Early on, Chait points out the media’s resistance to the ideological storyline: “To the Washington establishment, the suggestion that conservatives essentially want to do away with Social Security is something close to a lunatic conspiracy theory. When a guest on ‘Meet the Press’ suggested as much, Tim Russert replied incredulously, “So you’re suggesting that private personal accounts are a secret plan to get rid of Social Security?”

But, as Chait argues, this “secret plan” has been an explicit goal of many conservatives for a long, long time. And it’s this goal that leads Chait to conclude, “There will be plenty of time in the future for shoring up Social Security or adding spiffy new savings vehicles. In the meantime, the crown jewel of the New Deal faces an existential threat. Defeating that threat is the task to which we must presently address ourselves.”

For the counter-argument, TNR tapped Gregory Mankiw, former chairman of President Bush’s Council of Economic Advisers and Harvard University economics professor.

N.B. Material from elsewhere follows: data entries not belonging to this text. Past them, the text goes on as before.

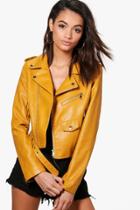 Boohoo Jasmine Pu Biker Jacket Yellow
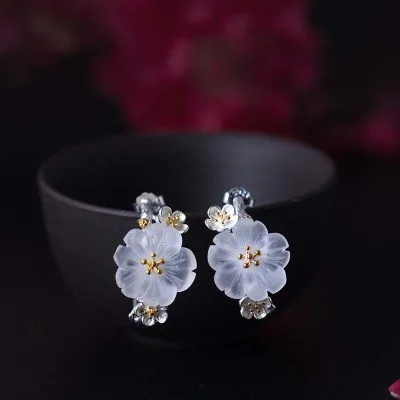Bông tai bạc nữ đính pha lê hình bông hoa mận LILI_324548_3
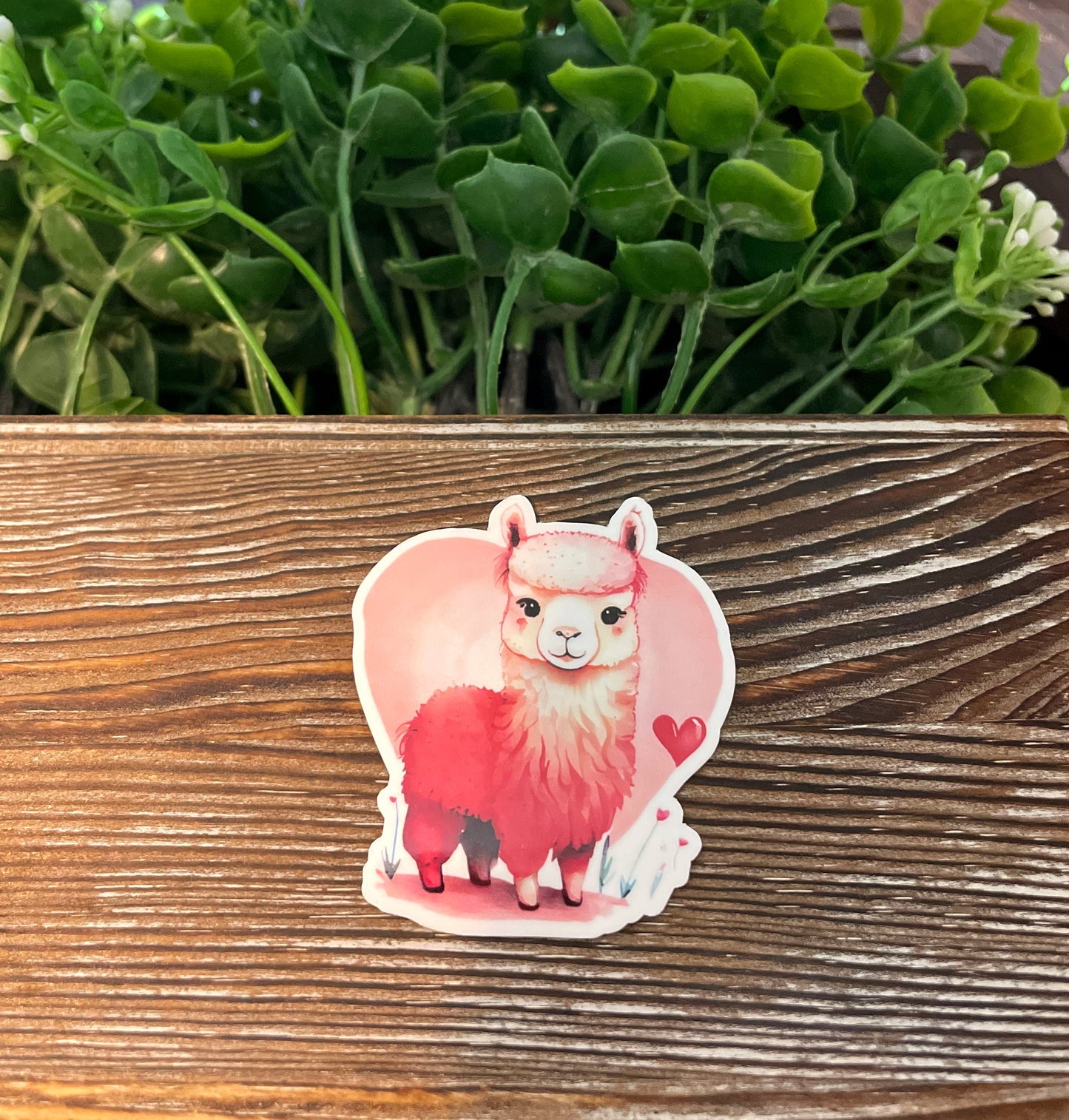Llama w/ Heart Sticker |Sticker or Magnet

If you haven’t noticed, the dollars that make up those Social Security checks haven’t been faring well as of late. Just try pricing out a trip to Europe and you’ll see that your cash is on its way to becoming Monopoly money. Robert J. Samuelson writes in this week’s Newsweek to let us all know that the significance of the dollar’s devaluing should be a little higher on all our “must know” lists.

Up front we learn the facts — that is, that the value of a dollar has been clobbered in the last few years — dropping 38 percent against the euro, 23 percent against the yen and 25 percent against the Canadian dollar. (Put another way, a set number of dollars will now buy three euros; just a few years ago, that same number of dollars could buy five euros.) But, it’s the backstory that Samuelson presents in a readable way. Simply, as he puts it, “For 15 years the American economy has been the engine for the world economy through ever-increasing trade and current-account deficits (the current account includes other overseas payments like travel and tourism).” Getting these trade imbalances in line would benefit everyone, Samuelson tells us, and “on paper”, it seems like a relatively easy task. But, surprise, global politics make the re-balancing a bit difficult.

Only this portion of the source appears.